The melt water flowing down this mountain on Sonamarg side forms Sind river.

The mountain houses Lidder valley, where Gwasharan is located towards pahalgam. This mountain houses Kolhai Glacier and Sheeshnag Peak. Sheeshnag peak is named so, as its head resembles the heads of seven big snakes. On the foothills of Sheshnag peak, there is a Sheshnag lake.

2. Afarwat

This mountain spreads across the Gulmarg valley. This mountain houses Alpathar spring, from which Nullah Nagal flows down to join Wular lake.

3. Burzil

This mountain separates Kashmir from Ladakh and it can be crossed through Burzil pass, which is an ancient and caravan route in Pakistan. This pass connects Srinagar with Gilgit.

4. Nanga Parbat

The Nanga Parbat (8126 m) is an important range which is in The Zaskar Range. This mountain lies in Gilgit. It is locally known as Diamir which means “king of mountains” or “huge mountain”. It has also earned a nickname of “Killer Mountain”

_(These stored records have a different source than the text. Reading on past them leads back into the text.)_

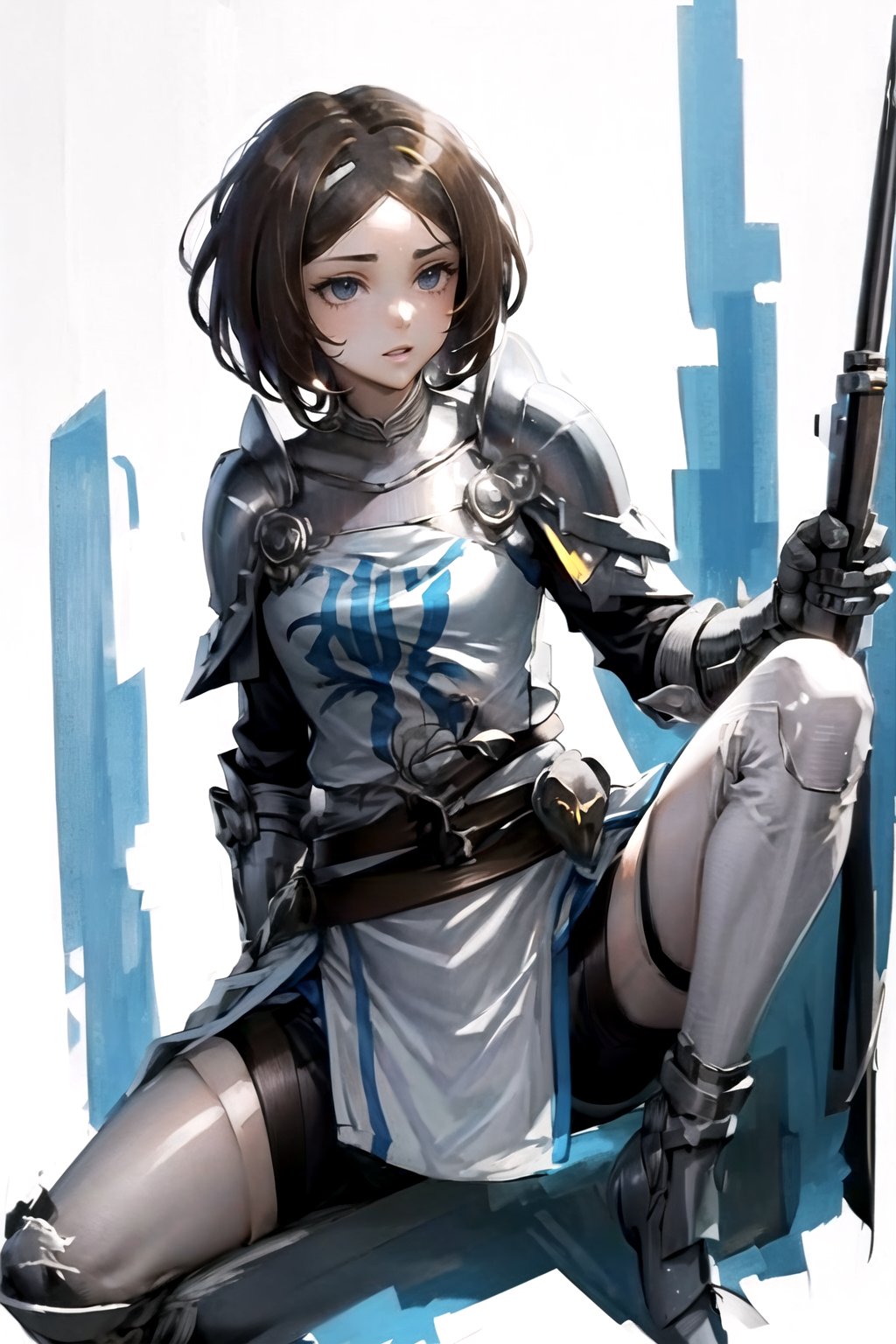 //Quality,
masterpiece, best quality
,//Character,
1girl, solo
,//Fashion, 
,//Background,
white_background
,//Others,
,spread legs, 
Remedios, short hair, hair band, brown hair, armor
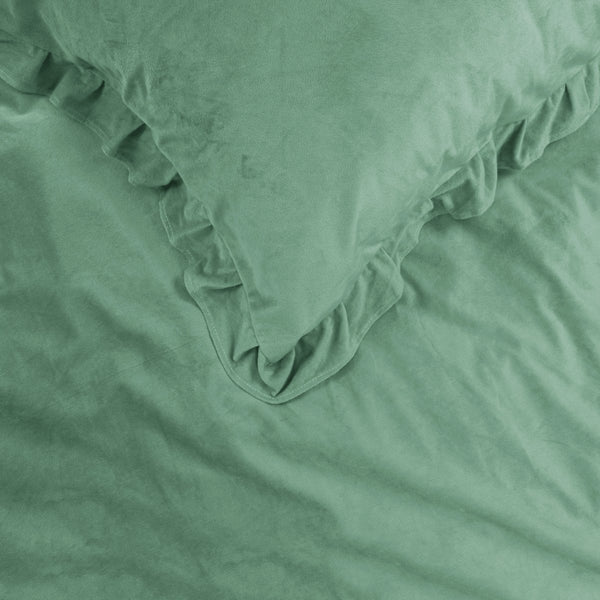 Velvet Duvet Cover Set Ruffles | Green | Double - 200cm (W) x 220cm (L) - The Bedding & Blankets Store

It is the westernmost peak of Himalayas.

5. Harmukh Mountain

It is situated in Ganderbal district of Jammu Kashmir and has an altitude of 5142m above the sea level. It has Nallah Sind on its southern side and Neelum river on its northern side.

It is a sacred place for hindus, and is considered to be the abode of Lord Shiva. It is famously known as “Kailash of kashmir“. Lake Gangabal is located on its foothills.

gangabal-lake-and-harmukh-mountain

The water from the lake Gangabal outflows to a nearby Nundkol Lake and then ultimately to Sind River via Wangath Nallah.

This mountain can be climbed from Ganderbal via Naranag, and from Sonamarg via Vishansar Lake and 3 mountain passes named Nichnai pass, Gadsar Pass and Zajibal pass.

6. Nun Kun Mountain

NunKun mountain pear is situated between Ladakh and Kashmir border and has an altitude of 7135 m above the sea level. This pair is in Kargil District.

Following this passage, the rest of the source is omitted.